Dataset excerpts
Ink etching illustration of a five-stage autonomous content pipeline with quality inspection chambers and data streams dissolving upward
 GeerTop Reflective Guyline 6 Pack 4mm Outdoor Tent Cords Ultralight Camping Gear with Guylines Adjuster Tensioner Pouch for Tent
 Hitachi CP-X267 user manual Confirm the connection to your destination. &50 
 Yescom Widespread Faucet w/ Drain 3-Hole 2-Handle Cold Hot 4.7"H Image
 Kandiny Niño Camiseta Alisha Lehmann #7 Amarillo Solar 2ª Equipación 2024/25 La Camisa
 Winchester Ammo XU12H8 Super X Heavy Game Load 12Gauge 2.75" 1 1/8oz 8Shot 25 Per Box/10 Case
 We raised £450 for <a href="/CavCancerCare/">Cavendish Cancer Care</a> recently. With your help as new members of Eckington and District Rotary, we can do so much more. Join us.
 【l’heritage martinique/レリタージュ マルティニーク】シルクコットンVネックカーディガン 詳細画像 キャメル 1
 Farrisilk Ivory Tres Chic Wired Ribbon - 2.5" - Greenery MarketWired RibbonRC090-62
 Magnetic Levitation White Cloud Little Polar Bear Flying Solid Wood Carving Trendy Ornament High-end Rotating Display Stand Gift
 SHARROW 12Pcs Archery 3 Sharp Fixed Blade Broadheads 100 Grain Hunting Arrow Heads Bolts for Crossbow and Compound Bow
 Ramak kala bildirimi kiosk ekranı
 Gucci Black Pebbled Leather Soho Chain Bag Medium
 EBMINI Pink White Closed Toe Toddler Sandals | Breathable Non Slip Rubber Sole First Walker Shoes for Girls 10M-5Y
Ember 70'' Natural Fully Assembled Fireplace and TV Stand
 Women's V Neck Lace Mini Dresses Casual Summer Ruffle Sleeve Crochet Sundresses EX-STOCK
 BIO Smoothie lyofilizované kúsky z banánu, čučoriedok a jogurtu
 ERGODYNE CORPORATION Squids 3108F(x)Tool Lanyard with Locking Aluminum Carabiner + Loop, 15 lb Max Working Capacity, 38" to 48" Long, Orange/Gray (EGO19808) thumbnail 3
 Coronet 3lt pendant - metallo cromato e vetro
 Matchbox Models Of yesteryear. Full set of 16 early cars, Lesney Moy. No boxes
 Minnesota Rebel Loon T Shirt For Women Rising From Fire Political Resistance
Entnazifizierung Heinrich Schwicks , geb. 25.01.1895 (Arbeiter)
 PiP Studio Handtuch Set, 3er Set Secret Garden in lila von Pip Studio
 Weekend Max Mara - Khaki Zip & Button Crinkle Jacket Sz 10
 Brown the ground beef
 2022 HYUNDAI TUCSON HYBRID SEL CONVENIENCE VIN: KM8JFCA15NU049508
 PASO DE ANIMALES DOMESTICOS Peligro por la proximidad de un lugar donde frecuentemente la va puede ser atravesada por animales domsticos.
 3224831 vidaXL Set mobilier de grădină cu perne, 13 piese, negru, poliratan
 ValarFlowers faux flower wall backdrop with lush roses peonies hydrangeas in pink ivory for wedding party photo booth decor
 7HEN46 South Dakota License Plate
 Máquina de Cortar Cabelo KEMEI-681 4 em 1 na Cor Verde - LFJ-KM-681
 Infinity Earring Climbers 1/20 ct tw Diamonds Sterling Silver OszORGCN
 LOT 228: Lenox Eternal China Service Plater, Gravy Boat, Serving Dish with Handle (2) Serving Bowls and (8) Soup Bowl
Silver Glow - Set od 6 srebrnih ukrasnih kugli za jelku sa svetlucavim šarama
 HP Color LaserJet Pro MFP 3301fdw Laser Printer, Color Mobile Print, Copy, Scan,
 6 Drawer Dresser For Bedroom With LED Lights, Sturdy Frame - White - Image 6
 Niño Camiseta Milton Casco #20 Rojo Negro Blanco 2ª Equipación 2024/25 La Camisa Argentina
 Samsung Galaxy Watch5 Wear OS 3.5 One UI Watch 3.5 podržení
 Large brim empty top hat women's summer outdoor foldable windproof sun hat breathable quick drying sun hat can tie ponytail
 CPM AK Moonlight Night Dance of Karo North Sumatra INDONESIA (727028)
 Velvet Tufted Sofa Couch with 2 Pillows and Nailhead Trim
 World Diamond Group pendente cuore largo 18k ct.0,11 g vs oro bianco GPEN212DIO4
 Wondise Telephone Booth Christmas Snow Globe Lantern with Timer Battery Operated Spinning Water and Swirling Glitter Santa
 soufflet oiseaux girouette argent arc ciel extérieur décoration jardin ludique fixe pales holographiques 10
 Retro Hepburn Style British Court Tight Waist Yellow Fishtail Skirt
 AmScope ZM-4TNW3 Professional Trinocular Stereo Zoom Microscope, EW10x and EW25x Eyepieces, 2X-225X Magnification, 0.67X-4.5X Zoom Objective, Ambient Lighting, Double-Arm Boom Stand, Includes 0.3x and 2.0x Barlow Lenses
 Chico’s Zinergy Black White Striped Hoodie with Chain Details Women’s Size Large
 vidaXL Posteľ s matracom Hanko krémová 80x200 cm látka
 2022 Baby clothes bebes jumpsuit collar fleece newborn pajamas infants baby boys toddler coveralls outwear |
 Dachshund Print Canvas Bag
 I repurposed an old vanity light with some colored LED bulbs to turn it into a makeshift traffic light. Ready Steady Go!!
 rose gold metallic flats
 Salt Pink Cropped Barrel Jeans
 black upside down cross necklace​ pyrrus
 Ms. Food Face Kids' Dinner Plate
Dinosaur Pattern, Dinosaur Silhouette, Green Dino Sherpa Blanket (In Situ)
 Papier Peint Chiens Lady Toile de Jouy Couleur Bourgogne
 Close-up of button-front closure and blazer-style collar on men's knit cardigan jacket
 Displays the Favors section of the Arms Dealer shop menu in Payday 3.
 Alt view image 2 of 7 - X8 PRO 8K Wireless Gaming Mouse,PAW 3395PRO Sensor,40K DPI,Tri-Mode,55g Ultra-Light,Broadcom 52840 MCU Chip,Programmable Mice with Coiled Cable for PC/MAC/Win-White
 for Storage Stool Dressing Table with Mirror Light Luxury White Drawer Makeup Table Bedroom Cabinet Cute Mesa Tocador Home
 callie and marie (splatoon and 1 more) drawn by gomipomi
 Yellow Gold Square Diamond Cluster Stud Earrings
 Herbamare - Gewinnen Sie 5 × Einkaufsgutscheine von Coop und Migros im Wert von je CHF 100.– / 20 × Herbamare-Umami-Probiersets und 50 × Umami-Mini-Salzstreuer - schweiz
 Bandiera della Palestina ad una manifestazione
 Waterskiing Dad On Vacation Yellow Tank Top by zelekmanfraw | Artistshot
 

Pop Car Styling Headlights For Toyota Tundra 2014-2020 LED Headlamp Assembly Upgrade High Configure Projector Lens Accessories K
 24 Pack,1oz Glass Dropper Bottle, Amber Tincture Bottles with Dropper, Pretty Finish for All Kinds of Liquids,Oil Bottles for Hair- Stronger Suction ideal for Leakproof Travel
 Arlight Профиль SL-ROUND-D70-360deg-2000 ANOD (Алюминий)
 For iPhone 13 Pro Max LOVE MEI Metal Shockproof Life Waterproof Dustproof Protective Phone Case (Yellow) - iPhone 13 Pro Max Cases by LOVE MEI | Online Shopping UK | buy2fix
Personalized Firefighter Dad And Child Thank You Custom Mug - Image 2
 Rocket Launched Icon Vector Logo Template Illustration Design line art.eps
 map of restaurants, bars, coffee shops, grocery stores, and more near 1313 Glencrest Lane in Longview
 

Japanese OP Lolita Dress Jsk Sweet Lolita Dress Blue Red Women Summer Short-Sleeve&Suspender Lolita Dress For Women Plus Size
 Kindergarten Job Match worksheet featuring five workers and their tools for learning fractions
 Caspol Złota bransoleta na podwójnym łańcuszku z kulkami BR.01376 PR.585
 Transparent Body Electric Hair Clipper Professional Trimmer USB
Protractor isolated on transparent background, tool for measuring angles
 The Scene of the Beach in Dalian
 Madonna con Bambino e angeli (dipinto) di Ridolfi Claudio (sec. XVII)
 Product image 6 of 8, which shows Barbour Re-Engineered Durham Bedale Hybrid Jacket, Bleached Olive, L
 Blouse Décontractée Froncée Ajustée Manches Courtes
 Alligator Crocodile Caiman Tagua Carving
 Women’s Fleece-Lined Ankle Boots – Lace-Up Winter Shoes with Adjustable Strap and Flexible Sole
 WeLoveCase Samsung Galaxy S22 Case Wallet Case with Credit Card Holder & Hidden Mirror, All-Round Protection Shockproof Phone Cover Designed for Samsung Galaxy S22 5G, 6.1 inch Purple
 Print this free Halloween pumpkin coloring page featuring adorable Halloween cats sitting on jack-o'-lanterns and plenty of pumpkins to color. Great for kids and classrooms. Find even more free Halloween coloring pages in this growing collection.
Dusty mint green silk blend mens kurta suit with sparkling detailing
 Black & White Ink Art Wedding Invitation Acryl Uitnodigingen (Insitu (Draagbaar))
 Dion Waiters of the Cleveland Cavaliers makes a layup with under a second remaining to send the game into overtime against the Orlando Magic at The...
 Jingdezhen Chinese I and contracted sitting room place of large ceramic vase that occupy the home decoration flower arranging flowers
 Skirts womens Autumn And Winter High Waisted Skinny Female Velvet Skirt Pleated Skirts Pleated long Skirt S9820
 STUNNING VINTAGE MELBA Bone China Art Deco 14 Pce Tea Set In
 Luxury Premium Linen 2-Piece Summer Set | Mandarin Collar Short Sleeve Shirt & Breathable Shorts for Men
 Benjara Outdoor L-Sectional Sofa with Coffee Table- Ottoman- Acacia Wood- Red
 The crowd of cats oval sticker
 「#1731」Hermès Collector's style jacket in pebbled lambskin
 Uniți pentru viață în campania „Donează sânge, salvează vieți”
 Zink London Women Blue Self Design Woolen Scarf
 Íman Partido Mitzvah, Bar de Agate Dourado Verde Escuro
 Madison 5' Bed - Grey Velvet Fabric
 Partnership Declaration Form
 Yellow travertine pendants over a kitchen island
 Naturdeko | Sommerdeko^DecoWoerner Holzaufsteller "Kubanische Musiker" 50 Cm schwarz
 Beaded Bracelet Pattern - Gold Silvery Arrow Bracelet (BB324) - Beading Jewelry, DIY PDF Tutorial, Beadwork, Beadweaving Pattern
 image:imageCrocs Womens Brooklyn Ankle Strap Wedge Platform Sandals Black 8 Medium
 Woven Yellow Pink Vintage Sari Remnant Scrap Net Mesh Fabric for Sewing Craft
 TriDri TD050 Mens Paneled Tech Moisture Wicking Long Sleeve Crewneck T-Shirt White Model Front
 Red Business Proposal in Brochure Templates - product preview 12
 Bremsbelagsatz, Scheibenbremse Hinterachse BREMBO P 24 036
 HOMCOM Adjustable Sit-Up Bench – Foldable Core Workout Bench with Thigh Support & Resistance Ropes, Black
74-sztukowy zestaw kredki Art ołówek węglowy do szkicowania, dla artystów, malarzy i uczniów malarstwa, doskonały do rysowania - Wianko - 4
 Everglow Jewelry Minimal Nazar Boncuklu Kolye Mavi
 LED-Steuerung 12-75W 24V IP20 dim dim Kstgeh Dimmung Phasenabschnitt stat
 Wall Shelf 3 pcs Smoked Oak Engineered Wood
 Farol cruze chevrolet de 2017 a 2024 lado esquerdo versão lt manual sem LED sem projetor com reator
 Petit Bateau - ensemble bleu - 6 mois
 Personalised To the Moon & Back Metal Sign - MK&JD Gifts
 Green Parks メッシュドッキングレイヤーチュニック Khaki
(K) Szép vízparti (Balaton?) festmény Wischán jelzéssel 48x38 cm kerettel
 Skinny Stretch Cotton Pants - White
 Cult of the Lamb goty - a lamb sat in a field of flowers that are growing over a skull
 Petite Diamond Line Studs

(Goal of the exercise): Please output an exact copy of the lines above, from the opening line of the data down to the line that contains "GeerTop Reflective Guyline".

(Solution for this task):
Ink etching illustration of a five-stage autonomous content pipeline with quality inspection chambers and data streams dissolving upward
 GeerTop Reflective Guyline 6 Pack 4mm Outdoor Tent Cords Ultralight Camping Gear with Guylines Adjuster Tensioner Pouch for Tent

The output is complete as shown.